You might notice the water is boiling. Add the pasta, salt the water (this is the ONLY time you get to season the pasta, so do it now. It makes a HUGE difference.) and stir the pasta so it doesn’t cling. Some chefs advise putting olive oil in the pot. Ina got this tip from Martha Stewart and while I think they both speak the gospel, I think this is crap and you’ll waste good olive oil. Just stir the pasta every once in a while and you’re fine.
While the pasta is cooking (al dente, or “to the tooth”) and the dressing is set to the side, get rocking on your veggies. On my bamboo cutting board, I cut up 1/2 cup of fresh flat leafed parsley (none of this curly business), 1/4 cup of red onion (yellow onions are way too acrid for the salad and will ruin the dressing), 2 scallions diced thin, and although the recipe calls for 1/2 cup of shredded carrots, it’s rare that I have shredded carrots on hand, so I either opt out or drop in another veggie (zucchini has worked).
But honestly, if I worried about exact measurements, I’d have a nervous breakdown. While precise measurements are crucial in baking (as there is chemistry involved), it’s not required here. I love parsley, use a lot more of it and I keep it lean on the onion side. I also have 1/2 cup of dried cranberries (I use them more than currants, which are more expensive) and 1/4 cup of sliced, blanched almonds. I think the almonds are crucial for crunch – a nice texture variation to the softer pasta and greens.

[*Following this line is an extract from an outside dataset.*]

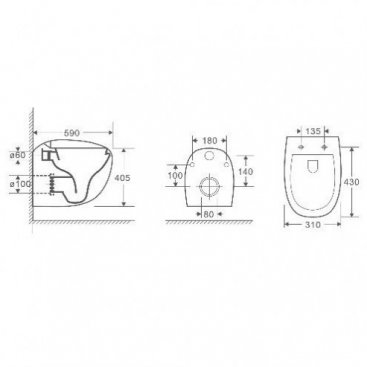 Комплект WeltWasser WW Jeckenbach 004 10000006890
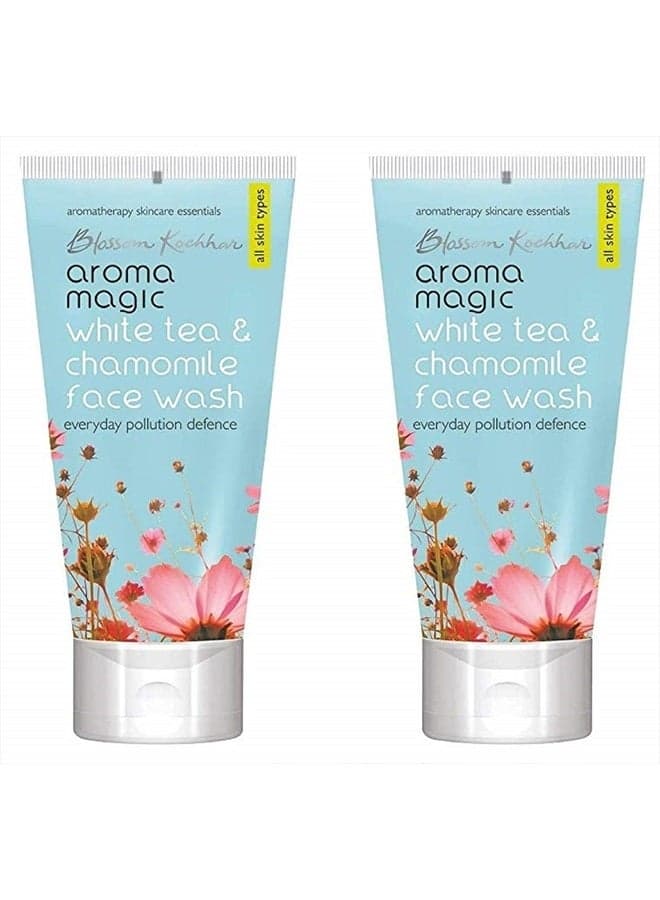 White Tea And Chamomile Face Wash (Pack Of 2) 100Ml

Ah, the pasta is done! Drain the pasta, but don’t overdrain as I always love mixing in some of the pasta water. stir the pasta into the dressing so it’s coated and then I toss in the veggies, cranberries and almonds. I keep mixing until all the ingredients are well incorporated and then I set to cool (although this is so damn good I’ve eaten it warm). And the coolest thing? This keeps for a week and I’ve added tofu and chicken to spice it for brown-bagged lunches.